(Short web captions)
#####
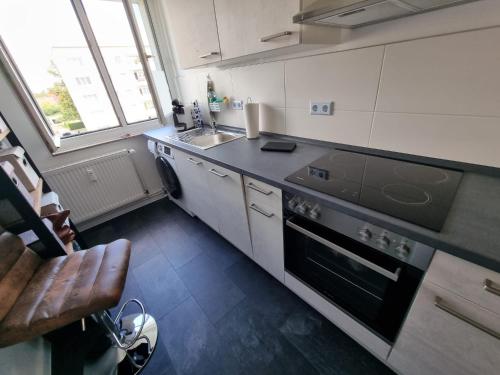 uma pequena cozinha com um fogão e um lavatório em Beste Apartments em Meerane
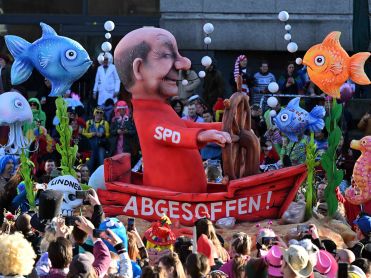 Karnevalsumzug mit einer Figur von Kanzler Scholz  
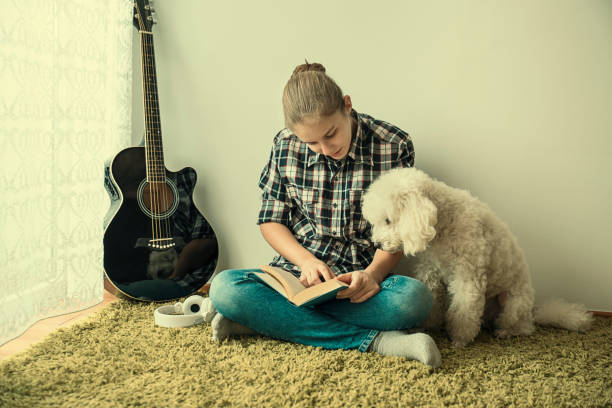 istock Teenager  reading a book 1097174888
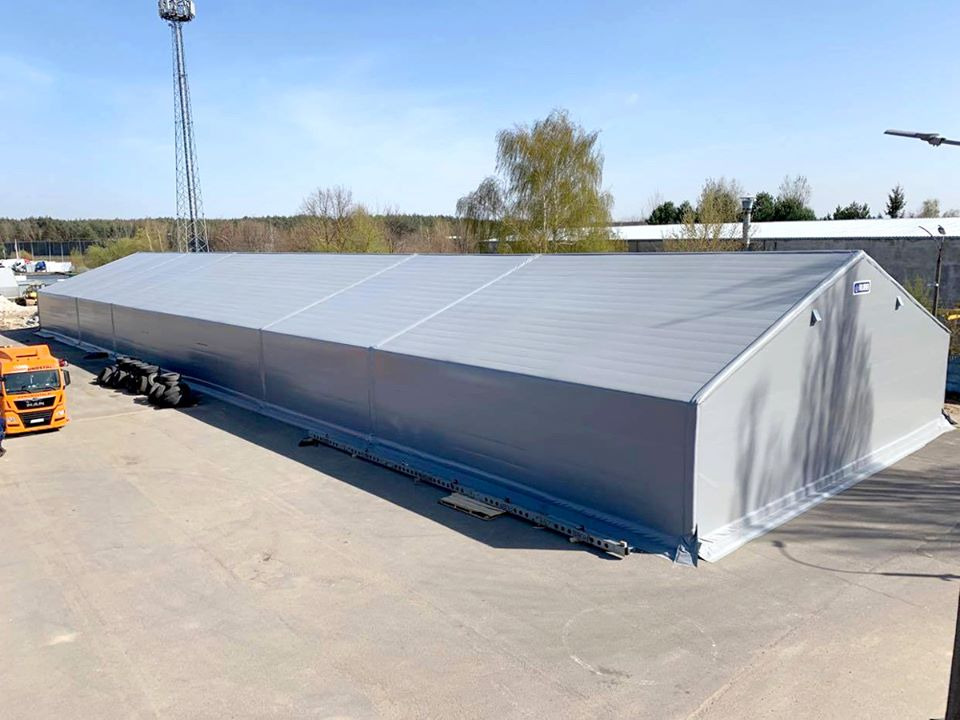 Duża, szara hala magazynowa z dachem dwuspadowym, widoczna z zewnątrz na betonowym placu, z pomarańczową ciężarówką MAN w lewym dolnym rogu i stosem opon obok. W tle drzewa i słup wysokiego napięcia.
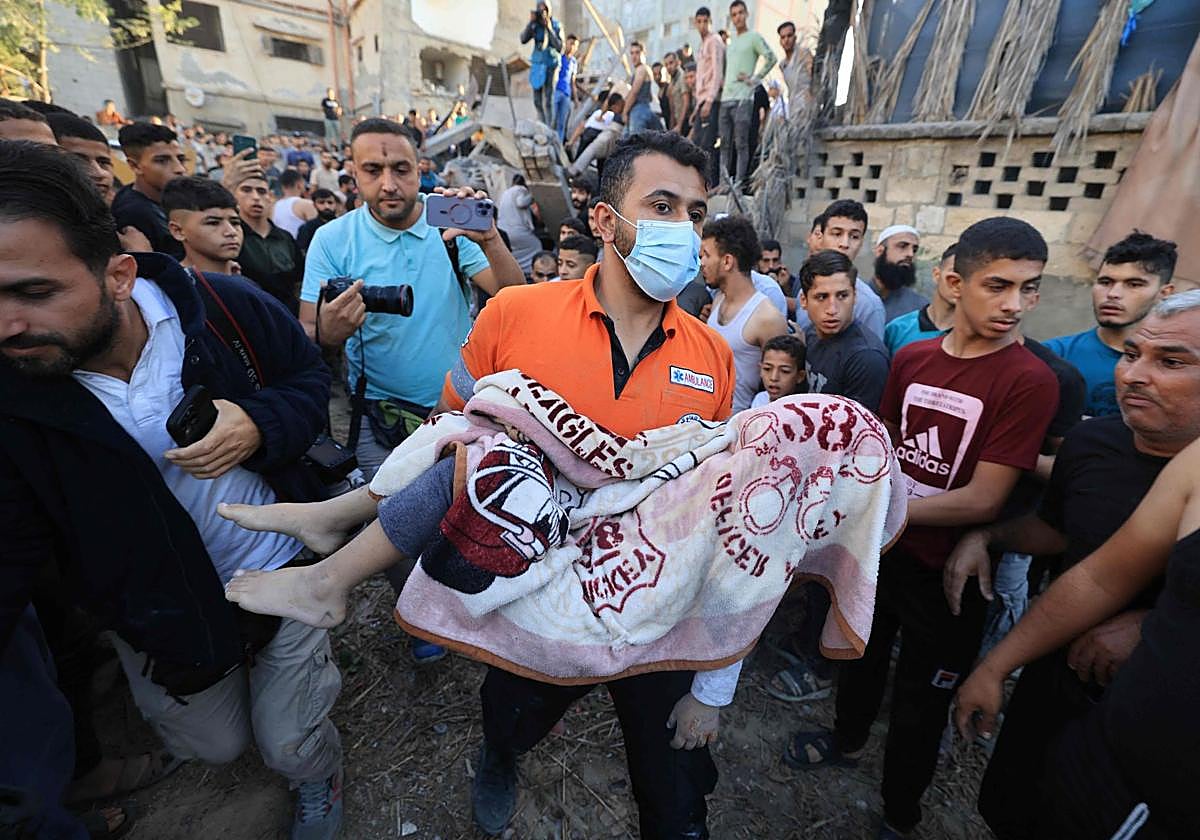 Un hombre sostiene el cadáver de un niño en Gaza.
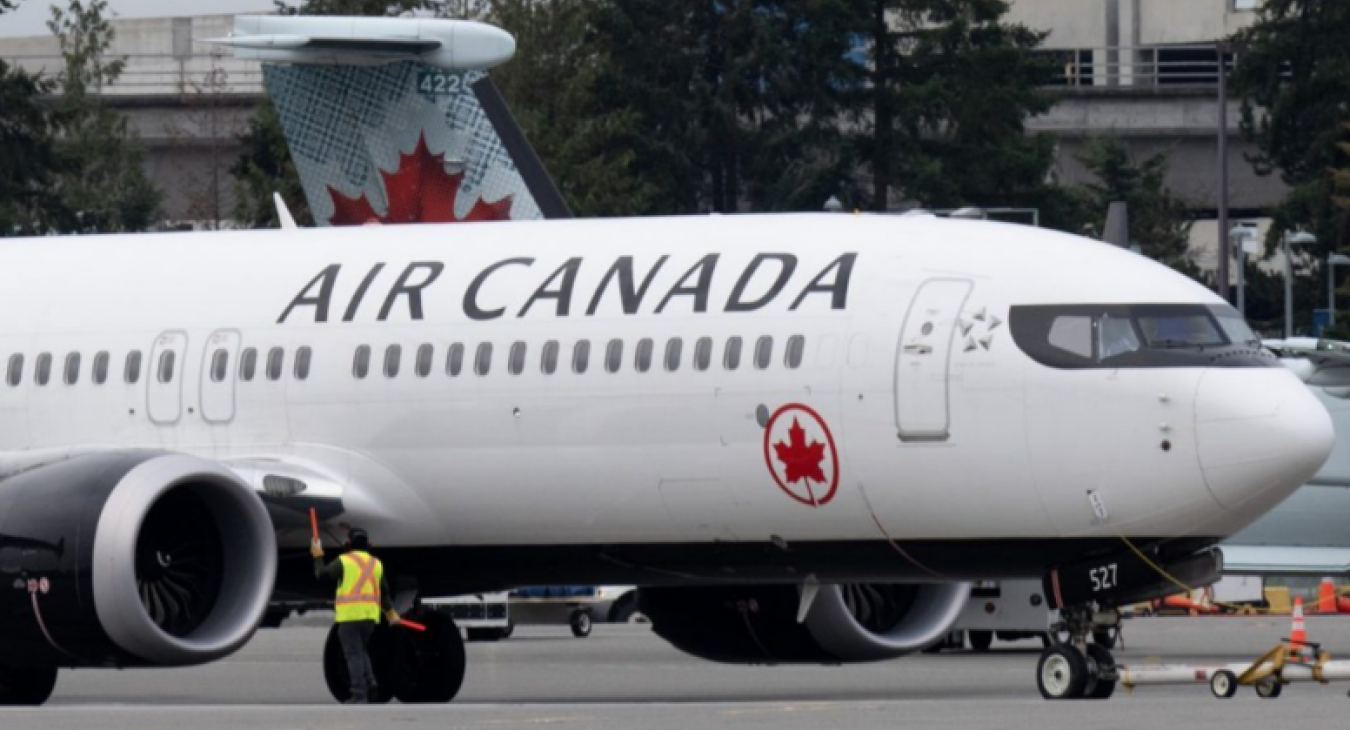 An Air Canada jet is manoeuvred on the tarmac at Vancouver airport 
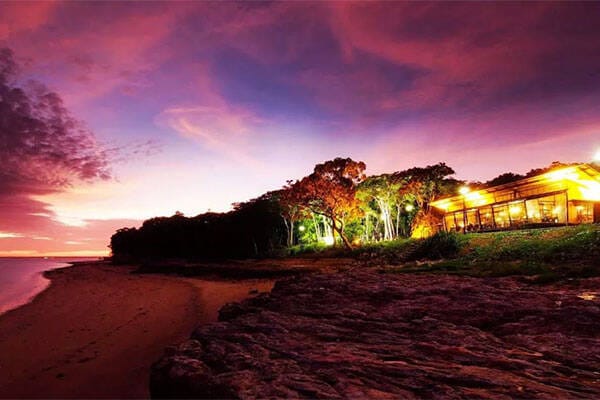 Night view of beachfront resort and sandy beach waves crashing while the sun sets at Pee Wees at the Point.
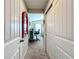 Hallway with mirror and access to bedroom and office at 12455 Trailhead Dr, Bradenton, FL 34211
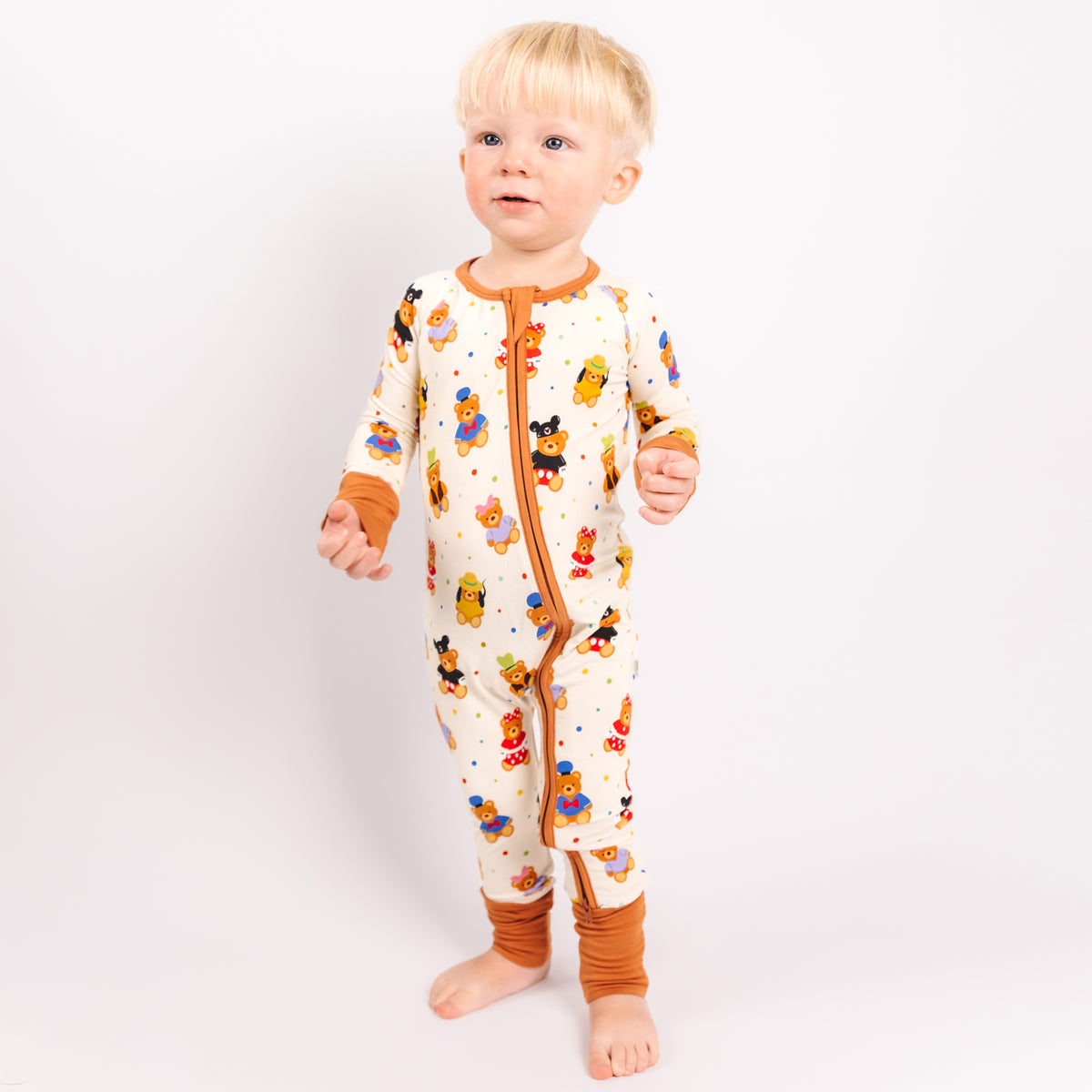 Toddler standing in the Main Street Bears convertible romper with the feet folded open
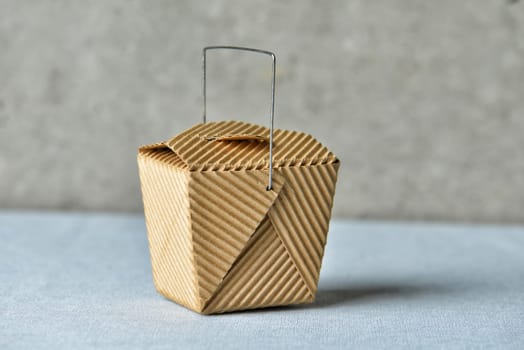 Image of a generic "to go"" box made of recycled brown cardboard"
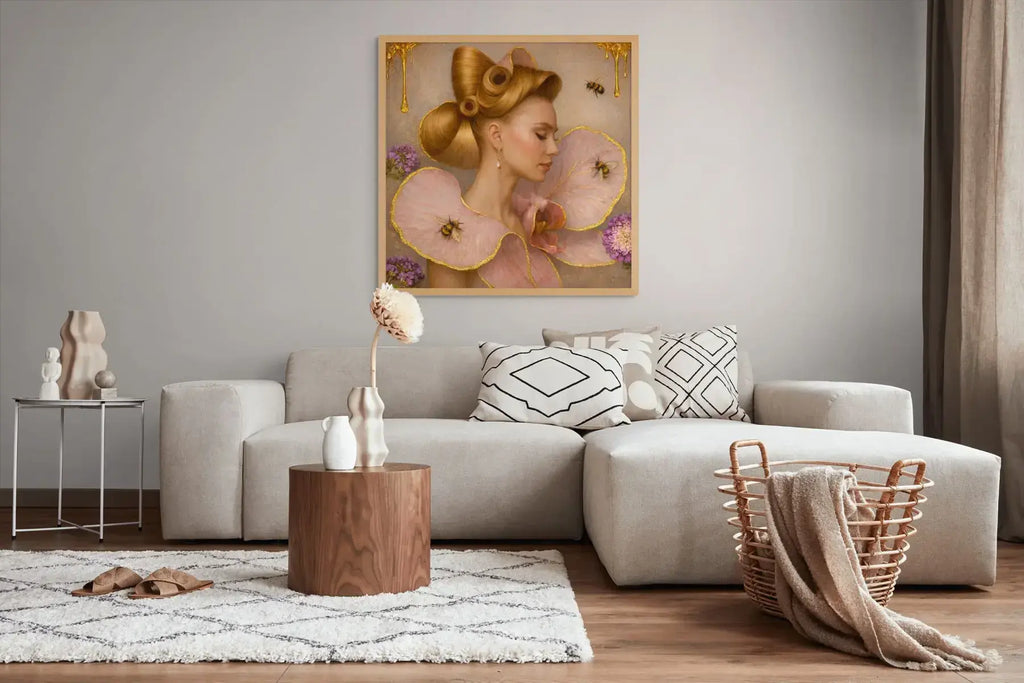 Luxury gold leaf portrait painting Gilded Honey I styled in an oak frame above a neutral grey sofa in a warm contemporary living space.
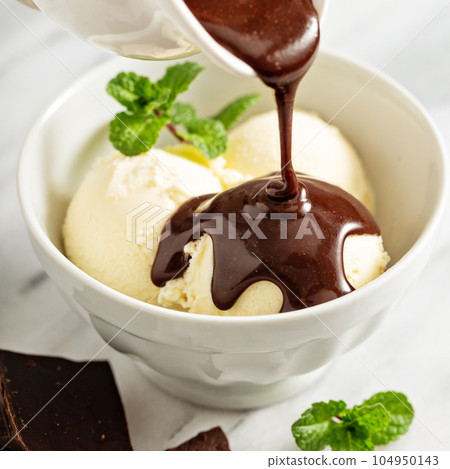 Pouring chocolate sauce on ice cream Pouring chocolate sauce on ice cream 104950143
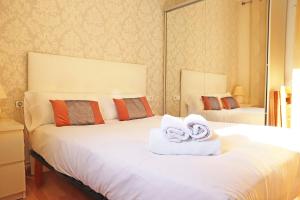 Posteľ alebo postele v izbe v ubytovaní Bcn-rentals apartments in the Old town
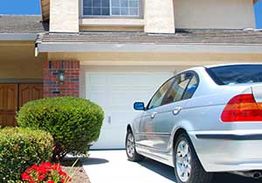 Silver car parked in front of a garage with shrubs and a wooden door nearby.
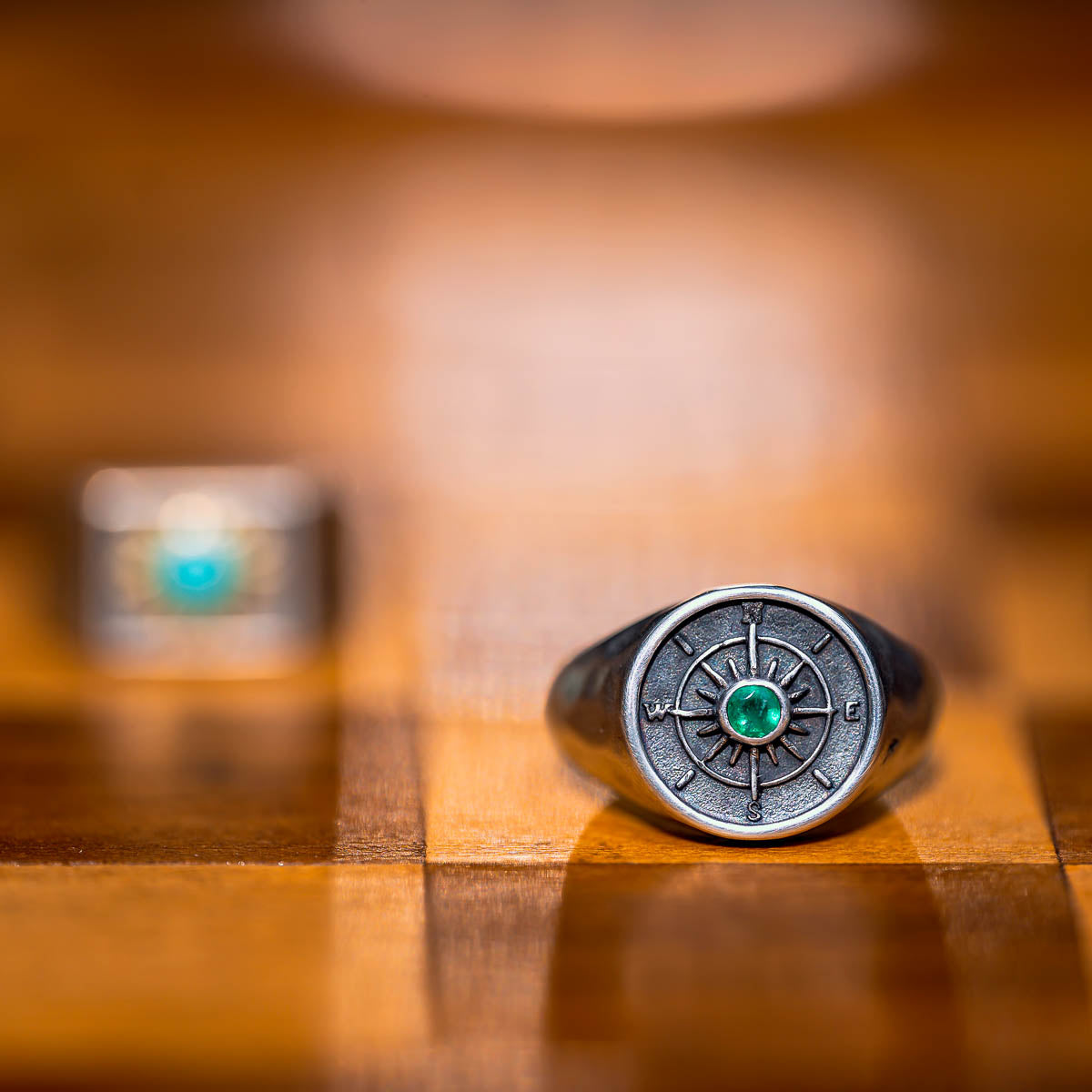 Silver compass ring with an emerald gemstone on a wooden surface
#####
» Task
Print the lines from the line with "Un hombre sostiene" to the end of the data above. Include both ends, exclude the pictures, and add nothing else.

» Task result
 Un hombre sostiene el cadáver de un niño en Gaza.
 An Air Canada jet is manoeuvred on the tarmac at Vancouver airport 
 Night view of beachfront resort and sandy beach waves crashing while the sun sets at Pee Wees at the Point.
 Hallway with mirror and access to bedroom and office at 12455 Trailhead Dr, Bradenton, FL 34211
 Toddler standing in the Main Street Bears convertible romper with the feet folded open
 Image of a generic "to go"" box made of recycled brown cardboard"
 Luxury gold leaf portrait painting Gilded Honey I styled in an oak frame above a neutral grey sofa in a warm contemporary living space.
 Pouring chocolate sauce on ice cream Pouring chocolate sauce on ice cream 104950143
 Posteľ alebo postele v izbe v ubytovaní Bcn-rentals apartments in the Old town
 Silver car parked in front of a garage with shrubs and a wooden door nearby.
 Silver compass ring with an emerald gemstone on a wooden surface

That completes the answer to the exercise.